Late summer. A deeper, bluer light. B & I were sprawled in a deserted baseball field, doing nothing, twilight turning like a stone in our palms. I could just barely see her face. We spoke of everything friends did: small injustices and banal plans and the economy, how little we understood it & how flush we still felt it against us, even now—a thousand invisible hands circulating our bodies. No contact. Cicadas simmered. In theory, that night should’ve felt monumental, its tender trickling neatly packaged into some broad statement about youth or love or not going gentle into that good night. Instead, the clouds kept billowing farther apart, each moment dragging us toward the normalcy of daylight. There might have been some stray, sweet pang, some charged phrase, but who knows. You see it, and it leaves just as soon as it comes.
I first met B in school. She was Chinese, but not in the way that I was Chinese, which was hyphenated and a little stilted, like a last-minute, low-budget actor. She was born in Beijing, like my mother, and was therefore infinitely cool to me: a value which compounded as I learned that she practiced competitive fencing, loved the stock market, and updated her Letterboxd religiously. One summer, we spent a hot, sluggish eternity watching films, soothing our suburban boredom with killer reality TV, absurd horror flicks, bizarre Hong Kong arthouse movies. I could never remember the characters’ names and she could never remember the intricacies of the plot, so we clued each other in. The summer was shifting or ending.

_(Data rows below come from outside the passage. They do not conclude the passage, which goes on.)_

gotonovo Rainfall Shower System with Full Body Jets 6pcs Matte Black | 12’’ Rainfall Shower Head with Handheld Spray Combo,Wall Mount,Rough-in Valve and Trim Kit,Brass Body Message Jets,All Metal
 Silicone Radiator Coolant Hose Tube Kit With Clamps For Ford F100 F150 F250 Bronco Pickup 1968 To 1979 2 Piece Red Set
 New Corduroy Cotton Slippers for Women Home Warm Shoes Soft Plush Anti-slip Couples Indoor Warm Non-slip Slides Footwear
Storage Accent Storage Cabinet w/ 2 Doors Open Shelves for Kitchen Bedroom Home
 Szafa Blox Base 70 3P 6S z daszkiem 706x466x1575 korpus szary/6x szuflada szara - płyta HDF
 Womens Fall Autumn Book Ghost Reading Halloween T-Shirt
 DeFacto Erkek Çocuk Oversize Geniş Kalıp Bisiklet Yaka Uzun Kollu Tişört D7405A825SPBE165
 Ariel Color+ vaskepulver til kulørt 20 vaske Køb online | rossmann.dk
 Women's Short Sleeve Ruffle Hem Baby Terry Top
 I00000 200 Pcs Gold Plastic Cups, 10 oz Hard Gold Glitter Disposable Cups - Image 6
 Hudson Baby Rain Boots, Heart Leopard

Later, we’d drift apart: we had no classes together, other friends, new attention spans too low to wholly and earnestly believe in the brief, imaginary world of a movie. I asked my mother for advice. She said I was so young.
At night, Kerou crawls into her mother’s bed. The mother, keeping her eyes closed, scolds Kerou for coming home so late. After a moment, she guesses that Kerou is heartsick, and asks if its source is Shihao. Kerou does not reply, and instead asks her mother how she survived after Kerou’s father died. The mother answers, “就是这样活过来的.” I try to translate it into English: You survive just like this. Just like this, you live through it. You survive like you have been. We survive like this. We come through the same way. But there is no “you” nor “we,” only an implied command, the subject both universal and nonexistent. No arrangement sounds right. No sentence has the same gravity. But it’s passé, at this point, to lecture about how connotations never survive translation.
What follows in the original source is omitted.